» INFORMATION GIVEN:

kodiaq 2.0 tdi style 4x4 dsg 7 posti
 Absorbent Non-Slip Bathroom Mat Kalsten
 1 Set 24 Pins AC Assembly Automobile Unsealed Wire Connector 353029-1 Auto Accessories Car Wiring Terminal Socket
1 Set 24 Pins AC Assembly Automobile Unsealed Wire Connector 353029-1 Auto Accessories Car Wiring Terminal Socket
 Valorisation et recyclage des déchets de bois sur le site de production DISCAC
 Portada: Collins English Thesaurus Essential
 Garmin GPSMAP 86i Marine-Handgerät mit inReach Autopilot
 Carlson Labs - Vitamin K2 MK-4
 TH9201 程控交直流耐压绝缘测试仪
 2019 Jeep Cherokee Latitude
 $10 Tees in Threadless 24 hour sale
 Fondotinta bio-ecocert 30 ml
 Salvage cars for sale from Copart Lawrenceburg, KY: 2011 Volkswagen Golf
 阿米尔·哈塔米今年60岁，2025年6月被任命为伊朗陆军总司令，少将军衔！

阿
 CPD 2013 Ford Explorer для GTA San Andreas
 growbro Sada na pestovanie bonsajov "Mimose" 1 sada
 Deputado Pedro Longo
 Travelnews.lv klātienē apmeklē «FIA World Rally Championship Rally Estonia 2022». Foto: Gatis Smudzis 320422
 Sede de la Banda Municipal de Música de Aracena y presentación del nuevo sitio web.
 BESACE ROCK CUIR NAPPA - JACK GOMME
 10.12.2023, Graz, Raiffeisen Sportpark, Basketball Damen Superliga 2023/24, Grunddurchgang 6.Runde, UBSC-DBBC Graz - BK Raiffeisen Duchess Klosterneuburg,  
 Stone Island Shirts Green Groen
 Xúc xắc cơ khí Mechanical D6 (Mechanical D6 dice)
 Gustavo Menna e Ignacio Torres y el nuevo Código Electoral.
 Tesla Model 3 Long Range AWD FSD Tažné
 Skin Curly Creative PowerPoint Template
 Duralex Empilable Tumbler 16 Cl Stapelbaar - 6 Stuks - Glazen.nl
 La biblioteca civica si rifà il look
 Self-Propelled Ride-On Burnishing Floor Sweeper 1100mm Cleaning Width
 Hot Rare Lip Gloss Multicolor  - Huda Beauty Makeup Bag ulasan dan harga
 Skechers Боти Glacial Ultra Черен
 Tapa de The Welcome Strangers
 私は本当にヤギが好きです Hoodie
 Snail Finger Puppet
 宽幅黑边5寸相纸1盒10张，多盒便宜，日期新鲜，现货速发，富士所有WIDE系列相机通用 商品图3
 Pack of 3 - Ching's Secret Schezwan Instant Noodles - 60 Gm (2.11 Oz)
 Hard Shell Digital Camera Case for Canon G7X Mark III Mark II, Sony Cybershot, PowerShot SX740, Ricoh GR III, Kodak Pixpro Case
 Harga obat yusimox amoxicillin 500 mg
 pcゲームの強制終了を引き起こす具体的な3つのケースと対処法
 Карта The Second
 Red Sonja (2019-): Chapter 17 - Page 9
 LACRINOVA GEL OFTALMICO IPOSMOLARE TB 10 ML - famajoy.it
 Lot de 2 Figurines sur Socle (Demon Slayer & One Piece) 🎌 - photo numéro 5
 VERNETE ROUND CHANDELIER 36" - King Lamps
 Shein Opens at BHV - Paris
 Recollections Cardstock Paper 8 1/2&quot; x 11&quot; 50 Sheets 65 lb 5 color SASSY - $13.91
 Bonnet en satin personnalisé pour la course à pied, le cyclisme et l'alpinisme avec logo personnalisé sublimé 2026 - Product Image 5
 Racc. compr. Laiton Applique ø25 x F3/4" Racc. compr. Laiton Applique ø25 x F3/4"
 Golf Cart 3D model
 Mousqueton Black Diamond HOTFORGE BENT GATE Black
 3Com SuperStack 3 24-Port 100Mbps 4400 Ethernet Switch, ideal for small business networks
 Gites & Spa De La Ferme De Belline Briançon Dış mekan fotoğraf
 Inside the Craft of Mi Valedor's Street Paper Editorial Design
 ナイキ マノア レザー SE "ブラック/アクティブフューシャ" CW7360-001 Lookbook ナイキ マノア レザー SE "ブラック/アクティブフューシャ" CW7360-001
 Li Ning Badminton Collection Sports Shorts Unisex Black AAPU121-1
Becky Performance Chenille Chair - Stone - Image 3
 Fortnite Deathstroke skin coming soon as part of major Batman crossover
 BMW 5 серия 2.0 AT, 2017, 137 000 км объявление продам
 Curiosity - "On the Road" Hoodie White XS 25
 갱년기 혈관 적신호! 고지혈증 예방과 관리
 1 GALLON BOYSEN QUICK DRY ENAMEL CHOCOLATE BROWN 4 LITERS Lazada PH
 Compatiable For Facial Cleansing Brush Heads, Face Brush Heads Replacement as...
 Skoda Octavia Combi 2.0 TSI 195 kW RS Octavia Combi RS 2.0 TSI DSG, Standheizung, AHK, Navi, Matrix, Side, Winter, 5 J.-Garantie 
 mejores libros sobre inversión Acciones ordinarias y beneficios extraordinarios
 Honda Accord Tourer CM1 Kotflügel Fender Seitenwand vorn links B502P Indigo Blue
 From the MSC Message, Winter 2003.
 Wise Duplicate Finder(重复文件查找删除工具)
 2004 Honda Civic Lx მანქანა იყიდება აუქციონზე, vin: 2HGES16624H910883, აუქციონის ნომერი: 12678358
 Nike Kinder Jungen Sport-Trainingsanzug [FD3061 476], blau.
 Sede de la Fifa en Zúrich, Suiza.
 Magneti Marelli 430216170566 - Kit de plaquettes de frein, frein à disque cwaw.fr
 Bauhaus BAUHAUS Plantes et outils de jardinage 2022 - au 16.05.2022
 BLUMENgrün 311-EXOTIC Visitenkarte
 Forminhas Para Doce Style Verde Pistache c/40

» EXERCISE: Return, with no change at all, every line in the entries above from the line containing "Skechers Боти Glacial Ultra Черен" through the line containing "Pack of 3 - Ching's".

» EXERCISE RESPONSE:
 Skechers Боти Glacial Ultra Черен
 Tapa de The Welcome Strangers
 私は本当にヤギが好きです Hoodie
 Snail Finger Puppet
 宽幅黑边5寸相纸1盒10张，多盒便宜，日期新鲜，现货速发，富士所有WIDE系列相机通用 商品图3
 Pack of 3 - Ching's Secret Schezwan Instant Noodles - 60 Gm (2.11 Oz)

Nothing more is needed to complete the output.